Ты никогда не возвращалась ни к этому вечеру, ни к этой реплике, но для меня она стала искрой, которая взорвала мое «я», уничтожила мое «сверх-я» и оставила меня один на один с «этим», гигантским и безжалостным.
Сорок лет спустя, после месяц за месяцем, год за годом по три сеанса в неделю у молчаливого психоаналитика, который подарил мне для штормовых дней крепкое кольцо, чтобы швартовать к нему мое разбитое суденышко, и тихую гавань, чтобы дожидаться в ней штиля, хорошая погода вернулась, и мы снова встретились, хоть никогда и не расставались.
За это время вне времени я вырос, постарел, и мне пришлось покинуть спрятанное детство. Ты помогла мне в этом твоим присутствием, твоим терпением, твоей добротой, энергией, дружбой, любовью и особенно твоей нежностью. Ольга тоже поспособствовала своей юностью, красотой, жизненной силой, желанием жить и творить. С ней я просто обязан был покинуть детство.
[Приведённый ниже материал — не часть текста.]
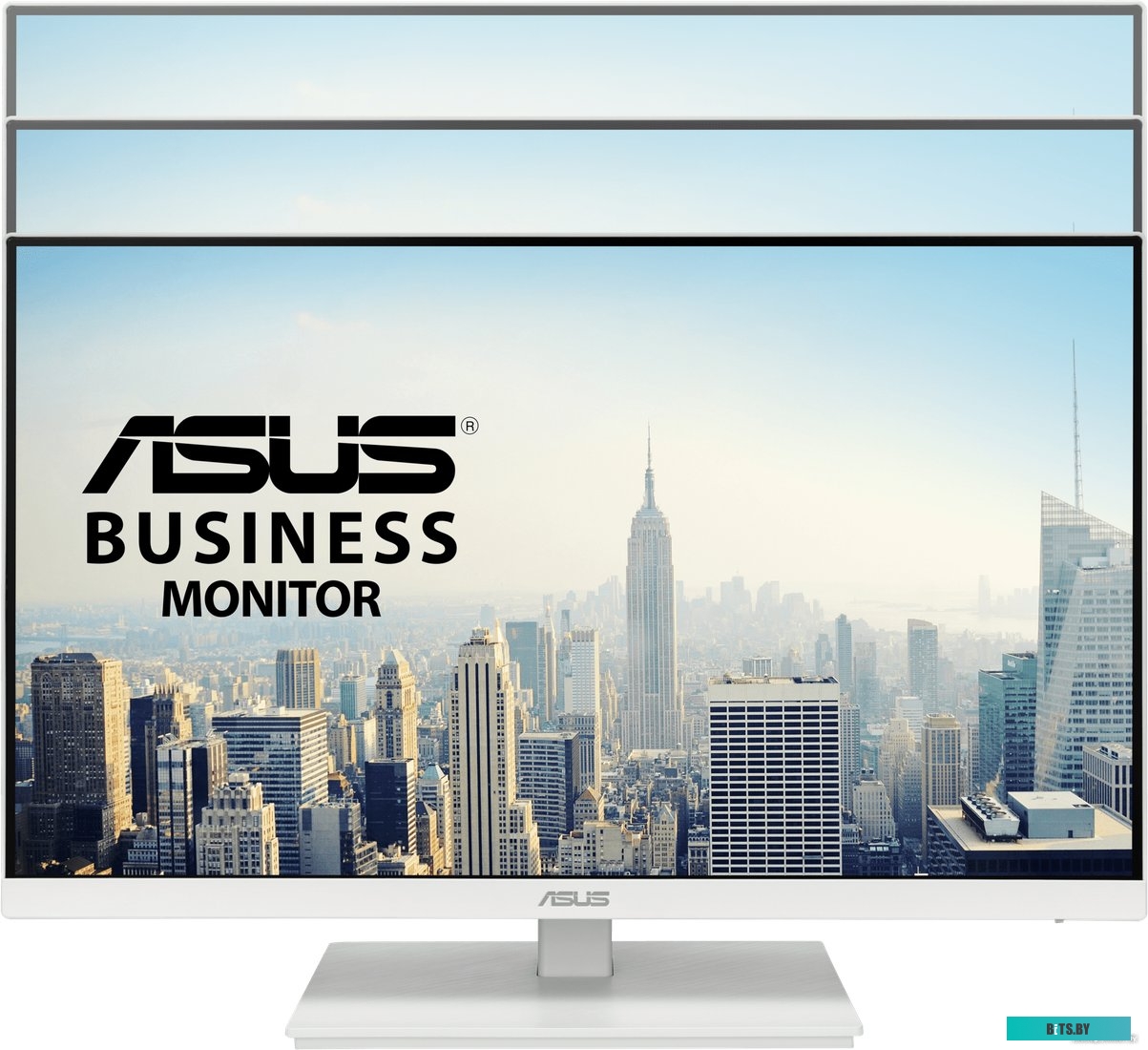 Монитор ASUS Business VA24EQSB-W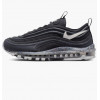 Nike Кросівки  Air Max Terrascape 97 Black Dj5019-001 38.5 - зображення 1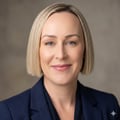 Dr. Rochelle Frehling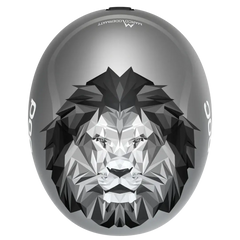 Skull Dura Jr Marco Odermatt Ed.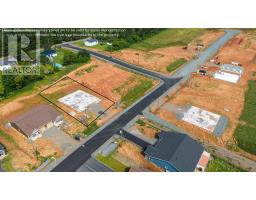 23/25 SUMMER HILL Place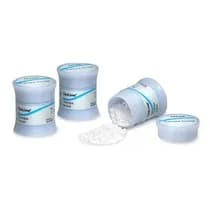 Cerâmica IPS InLine Transpa Incisal 100g - Ivoclar
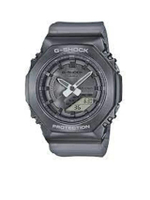 นาฬิกา รุ่น GM-S2100MF-1ADR
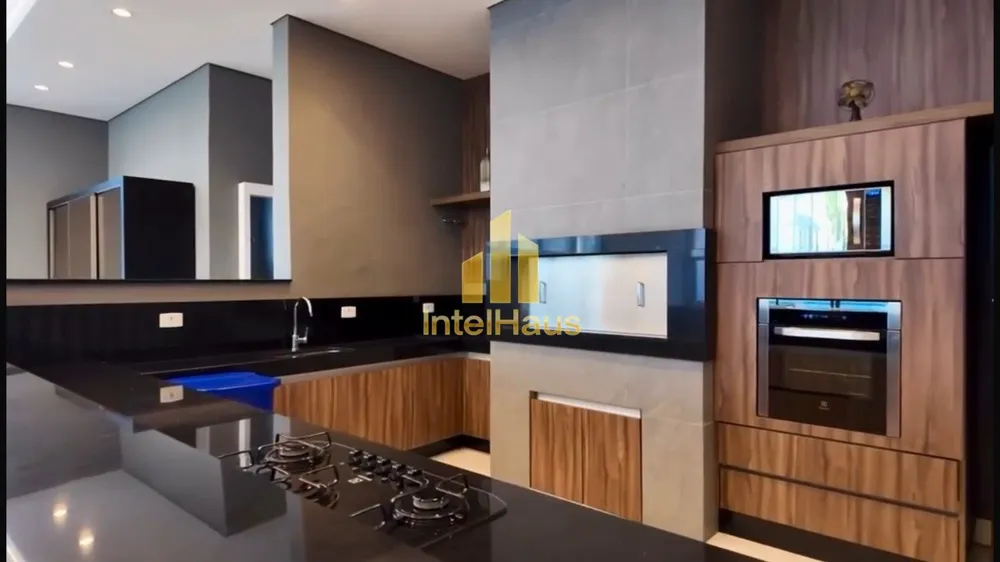 Terreno, 1100 m² - Foto 6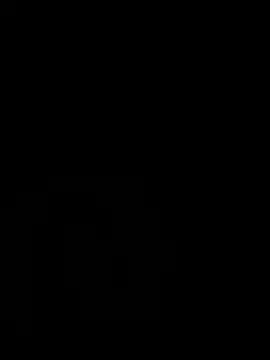 Snapshot of milan8886 chatting on 23, 9, 2025 milan8886 online show from 23, 9, 2025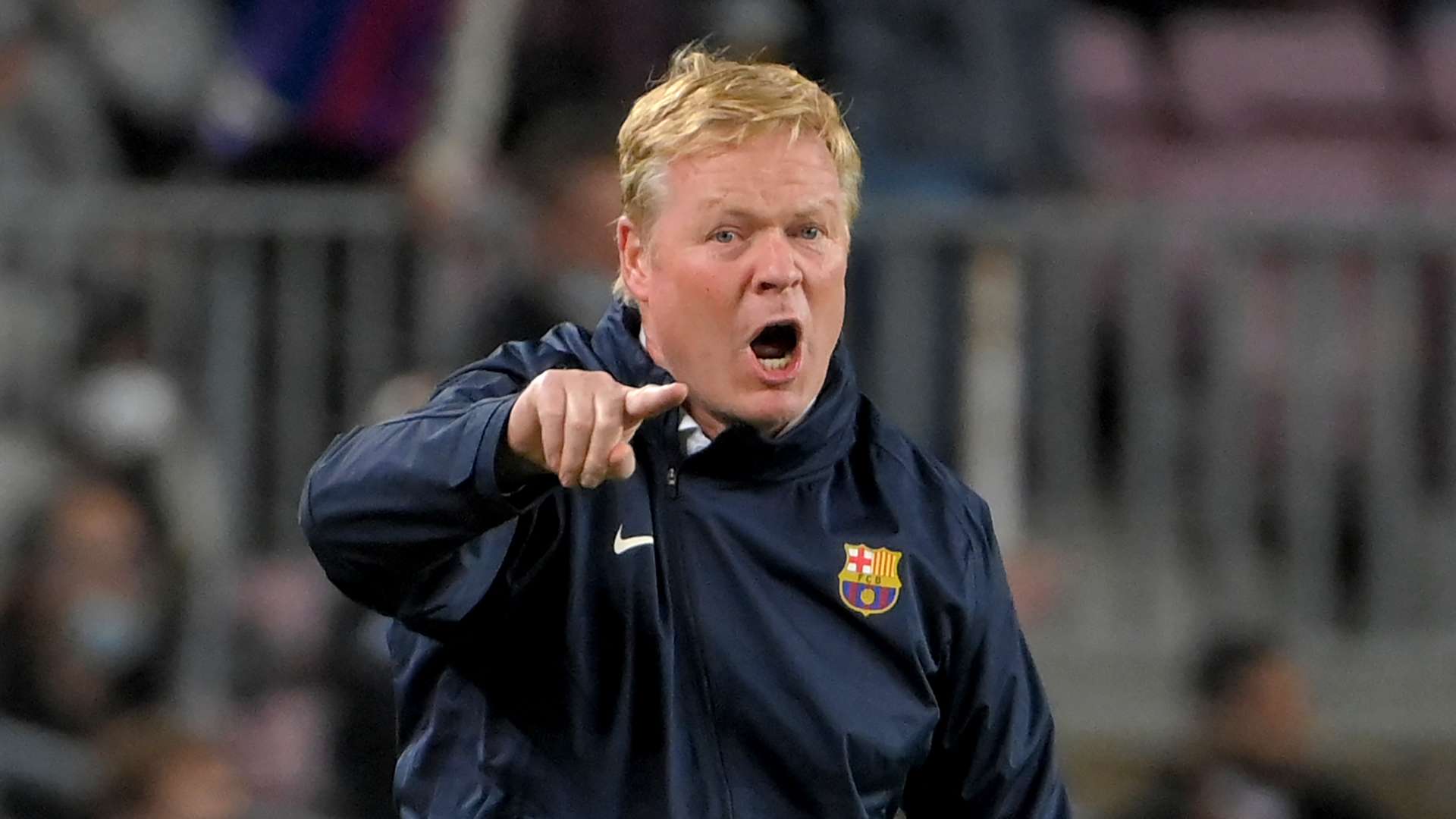 名前锋离队 名前锋离队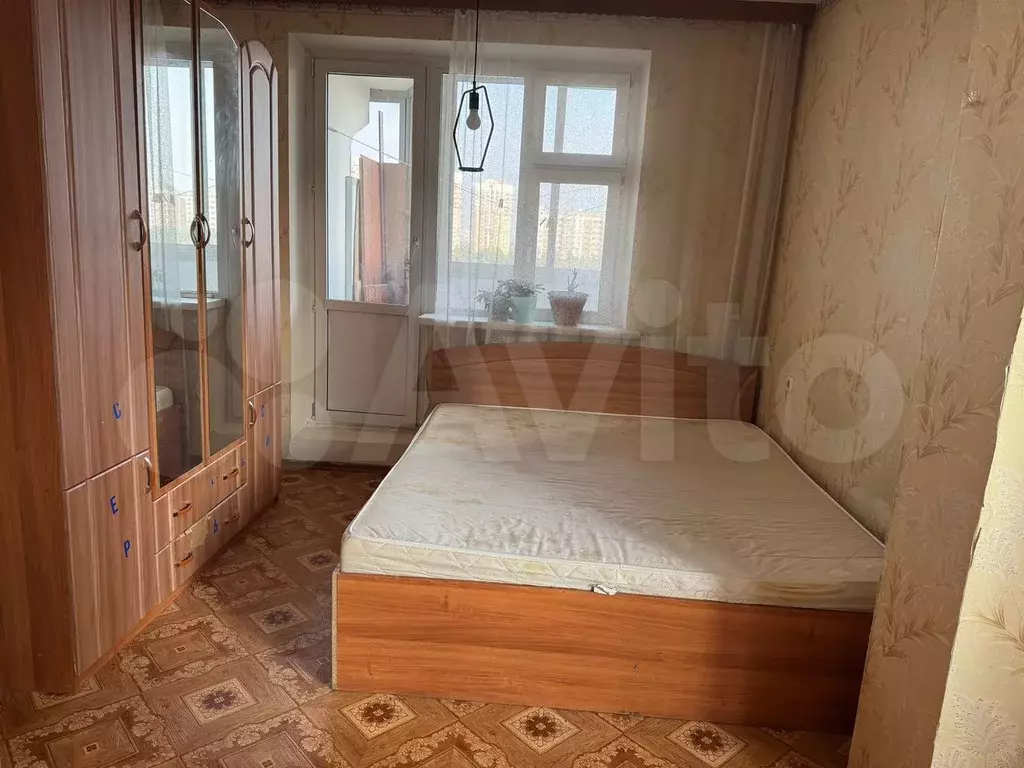 2-к. квартира, 70 м, 13/17 эт. - Фото 1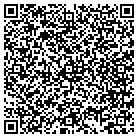 QR code with Copper Creek Vineyard contacts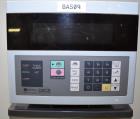 Ishida Checkweigher DACS-WN-012-SB/PB-I Checkweigher w/Reject up to 1200 grams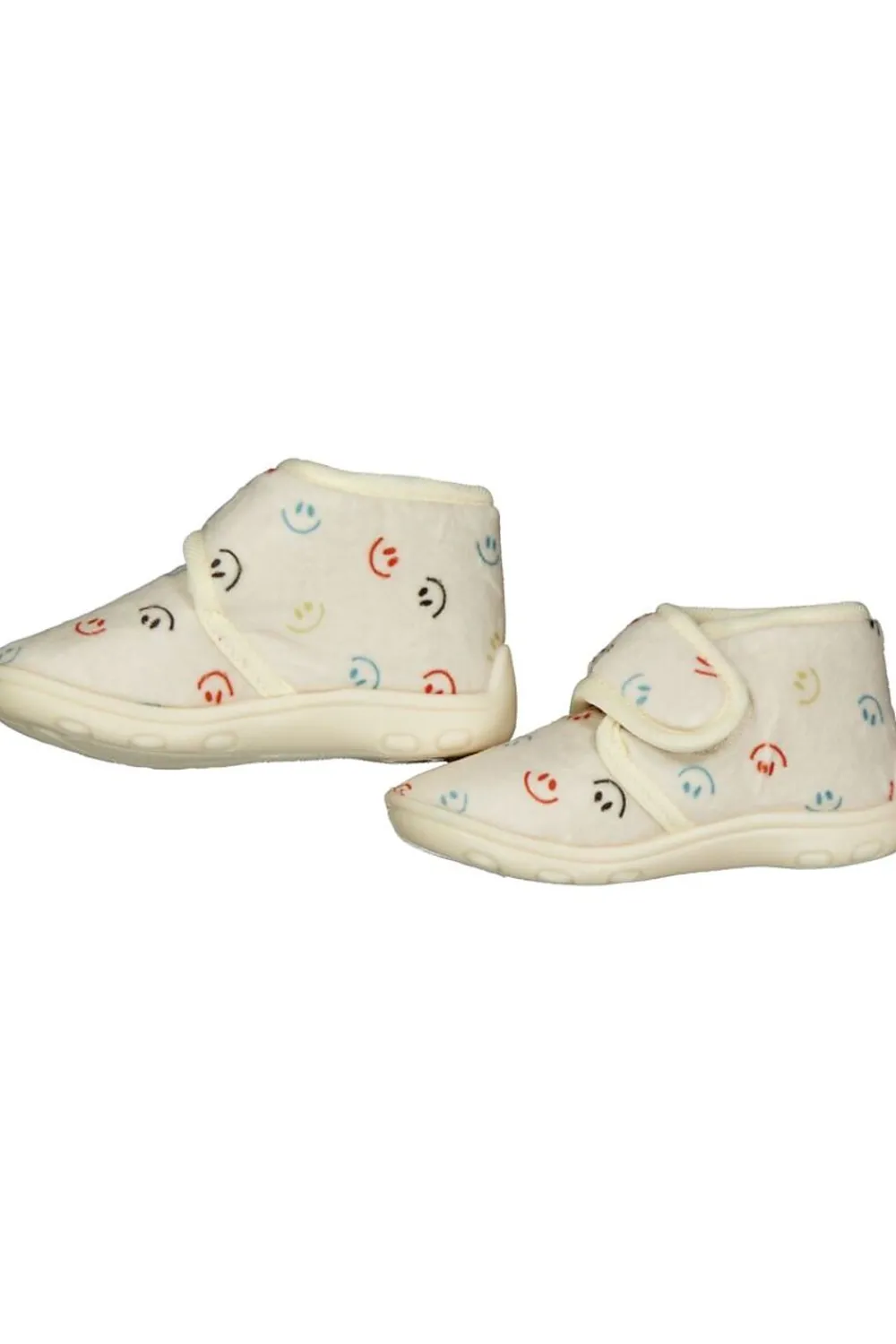 Hot Zeeman Chaussures - Beige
Мало-помалу я даже вошел в роль, которую судьба и твоя любовь поручили мне и с которой, думалось мне, я не справлюсь, настолько эта роль, казалось, была написана не для меня. Я стал, вопреки всему, вопреки самому себе, мужчиной, мужем и отцом.
В одну не столь далекую ночь ты спросила меня, действительно ли во время моей депрессии мне помог психоанализ. Очень-очень, ответил я и осыпал тебя поцелуями. Сегодня я могу дополнить свой ответ. Он в первую очередь помог мне понять, что враг, с которым я должен бороться и победить, притаился внутри меня, а не в тебе. Еще ты однажды спросила меня, были ли у меня во время этой депрессии попытки суицида. Нет, суицида не было, другие убийства — да.